How to complete this task
Since the pictures are not wanted, retype the listing below exactly and without them.
_ _ _
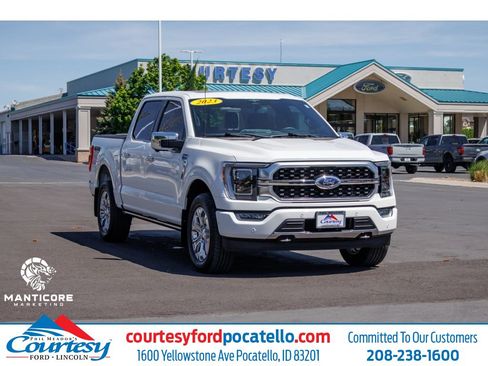 Used 2023 Ford F150 Platinum w/ Equipment Group 701A High AWD/4WD image 1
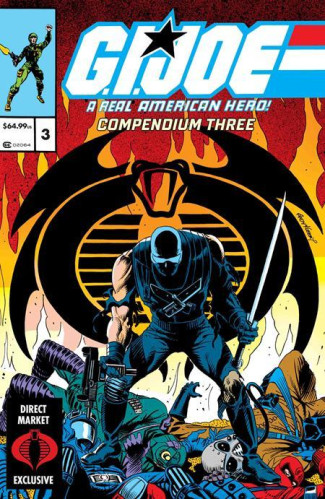 GI JOE A REAL AMERICAN HERO COMPENDIUM VOLUME 3 GRAPHIC NOVEL ANDY KUBERT DM VARIANT COVER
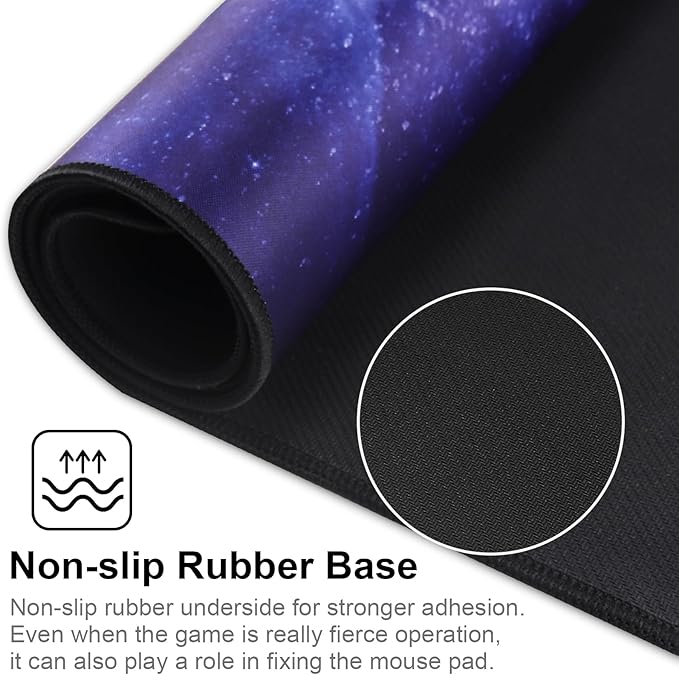 XXL Professional Large Mouse Pad & Computer Game Mouse Mat (35.4x15.7x0.1IN, Sky Planet)
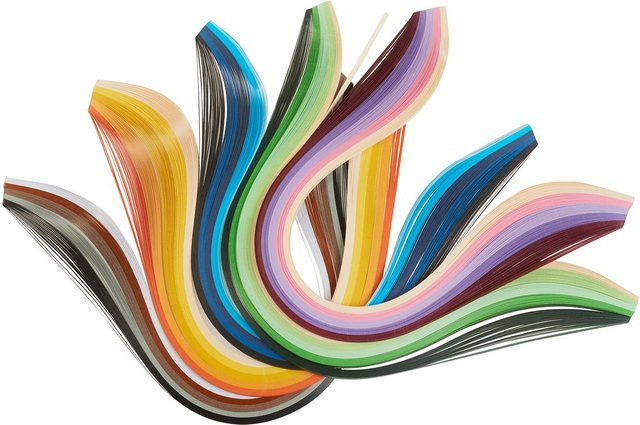VBS Quillingstreifen Multicolor, 3 mm, 500 Stück - Bild 1
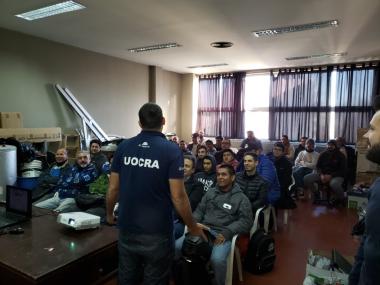 Foto noticia UOCRA - Programa Nacional de Formación en salud y seguridad - En el CFP N 3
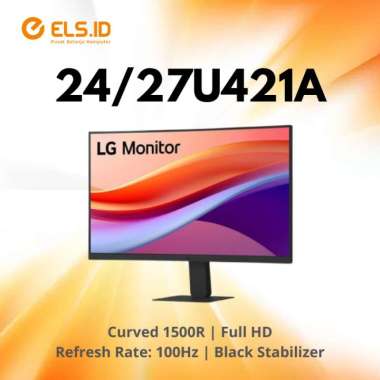 Monitor LED LG 24U421A/27U421A Curced 1500R FHD 100Hz USB-C 24"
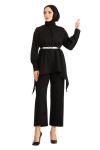 Брючный костюм MODAMIHRAM, черный - фото 4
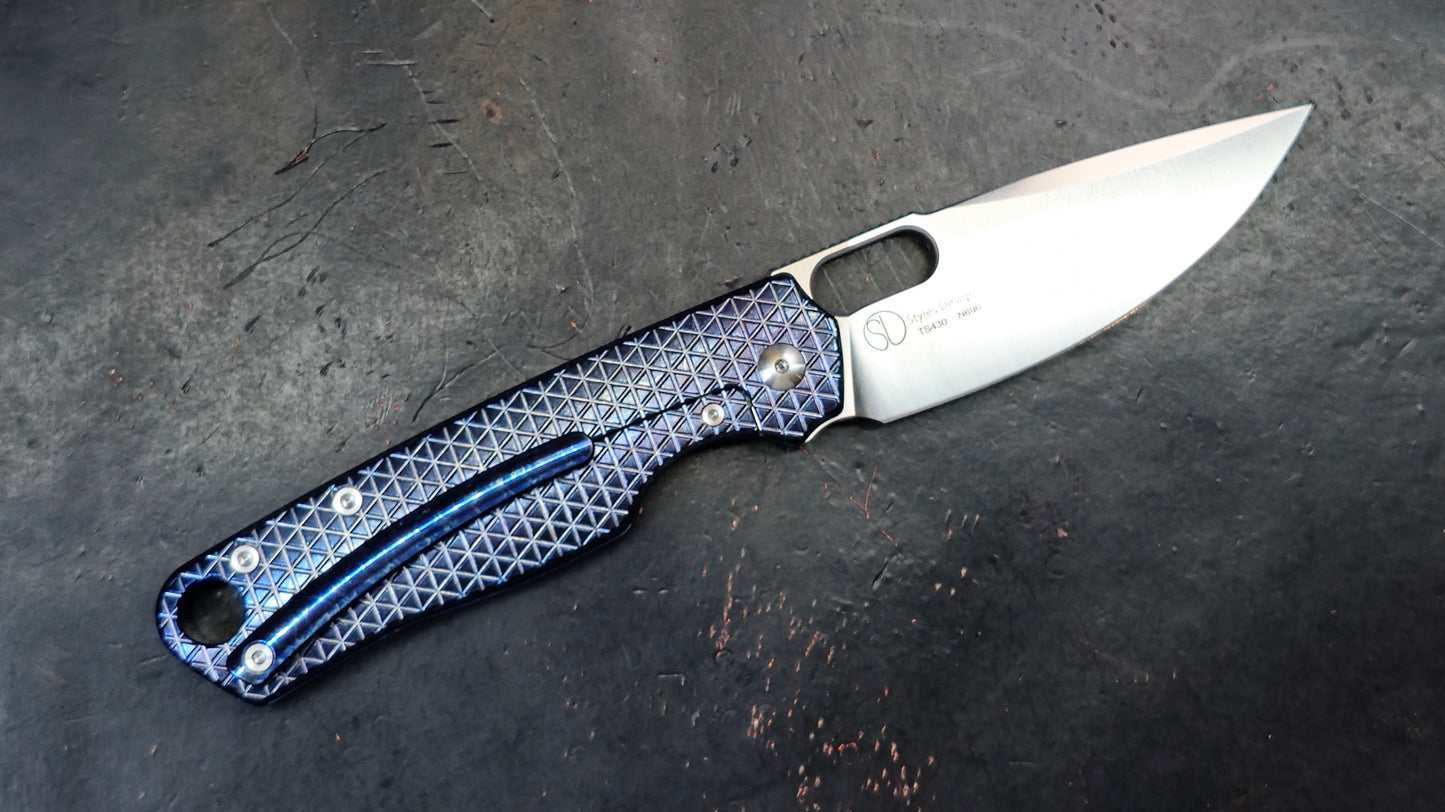 TWOSUN TS430 Titanium (ANODIZED) Handle N690 (NEW)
_ _ _
Answer box
 Used 2023 Ford F150 Platinum w/ Equipment Group 701A High AWD/4WD image 1
 GI JOE A REAL AMERICAN HERO COMPENDIUM VOLUME 3 GRAPHIC NOVEL ANDY KUBERT DM VARIANT COVER
 XXL Professional Large Mouse Pad & Computer Game Mouse Mat (35.4x15.7x0.1IN, Sky Planet)
VBS Quillingstreifen Multicolor, 3 mm, 500 Stück - Bild 1
 Foto noticia UOCRA - Programa Nacional de Formación en salud y seguridad - En el CFP N 3
 Monitor LED LG 24U421A/27U421A Curced 1500R FHD 100Hz USB-C 24"
 Брючный костюм MODAMIHRAM, черный - фото 4
 TWOSUN TS430 Titanium (ANODIZED) Handle N690 (NEW)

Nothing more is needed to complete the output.